Tononi appears to come at the issue from an interest in the human case and in issues like sleep and neural organization, but it seems clear to me that he is making very broad claims on this basis about consciousness in general -- so I want to hold him responsible for the implications of those claims!
I'm not sure how high a phi Tononi thinks one needs to have a human like stream of conscious experience. I can't recall his committing to an approximate quantity. (If you know of something, I'd like to hear!) But the California election case was chosen because it seems likely to be high phi and *not* messy. I don't mean Californians talking to each other but rather the toting up of votes on voting day. Tononi is flexible about temporal grain. I choose a temporal grain of one day. On Tuesday early morning no one had voted. 24 hours later, we have an integrated output of 8,000,000 voters across (if it's a long slate) 25 elements some of which are more than one-bit choices. The output I'm imagining is: 4,103,414 for Prop X, 3,611,103 against; etc. Informationally, that's pretty rich.
You know what, it just dawned on me that I'm not even clear on what Tononi's position on functionalism is...
I see what you're saying. He does seem to be more invested in overtly considering philosophical aspects of his research in these papers - almost as if he's trying to conceptually clarify things for himself.
But I still think he would say the devil is in the informatic details: especially now that he's committed to considering II in dynamic terms. I'm not sure he would agree there's enough complexity of the right kind in your example - but I'm pretty sure that its one off nature would disqualify it.
If you have access, Seth has a great paper comparing the mathematical virtues and liabilities of II and Causal Density approaches. (It's locked behind a paywall, now, so I'm screwed).
http://rsta.royalsocietypublishing.org/content/369/1952/3748.abstract
Edelman, if I remember correctly, thinks II as mathematically defined by Tononi will be but one among a number of ways of quantifying (and so identifying) consciousness correlated neural activity.

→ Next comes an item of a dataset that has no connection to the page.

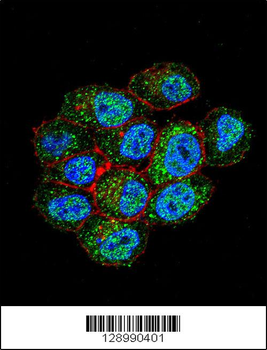 TSPYL6 Antibody (Center)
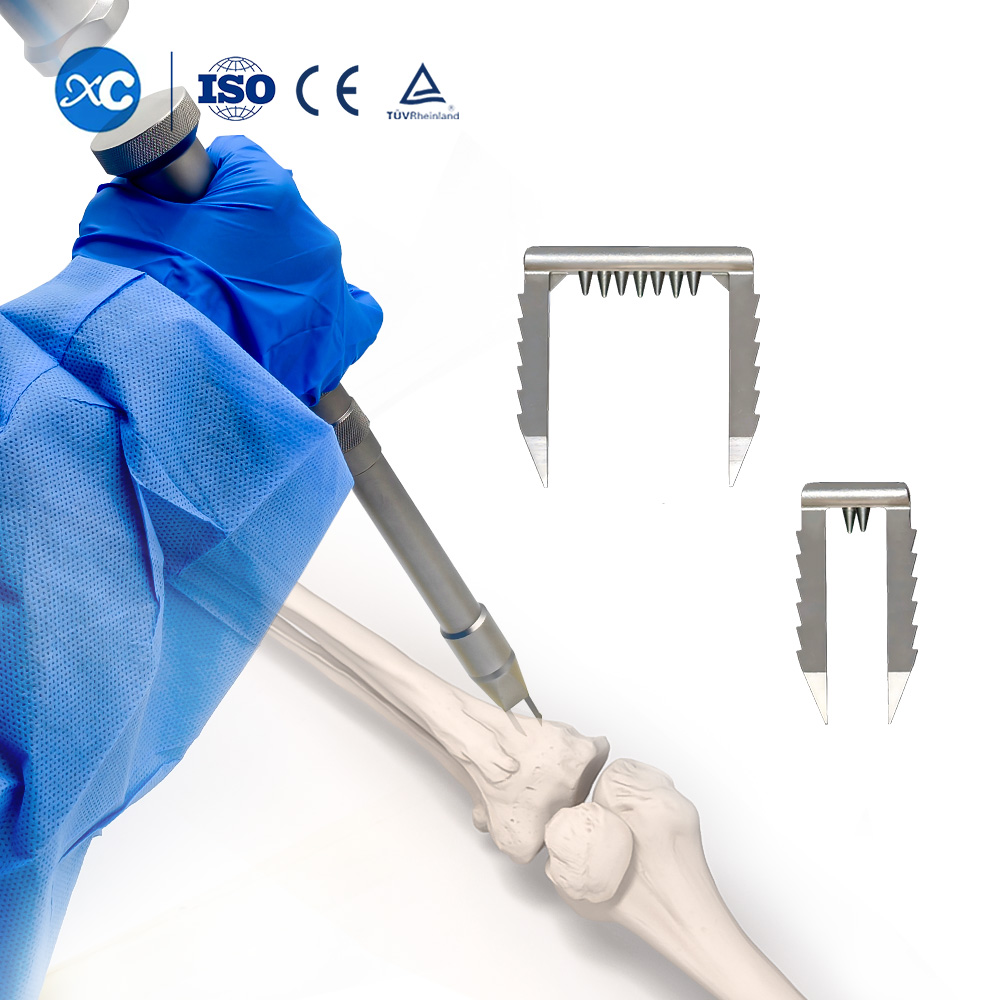 Степлерная система для фиксации связок – реконструкция передней крестообразной связки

Maybe it'll turn out to a be an informatic 'Omega' (a la Chaitin) and transcendental philosophy will be able sigh in relief!
More great IIT stuff!
I think you might be getting the anti-nesting principle wrong. The anti-nesting principle states, as I understand it, that within a complex --at a certain causal "level"--there cannot be nested consciousnesses. All subset's with a phi value are "subsumed" within the larger. higher phi complex.
The key point here is that it doesn't matter what the nodes ARE. Whether or not the nodes themselves are objects like people, which have their own phi values, or if they are just transistors in a computer, within the complex they are just nodes. The nesting principle is "complex-sensitive."
I don't think Tononi would believe that the Chinese Nation on cellphones would each loose their individual consciousness when they recreate the functional organization of a brain. After all, how could they? How could the information of their consciousnesses "get to" the new complex? Tononi's theory isn't magic; information has to have channels of intelligible transfer. The complex has no access to the minds of the Chinese Nation; all it can say is: there is a node Integrating Information, what that node is made of doesn't matter.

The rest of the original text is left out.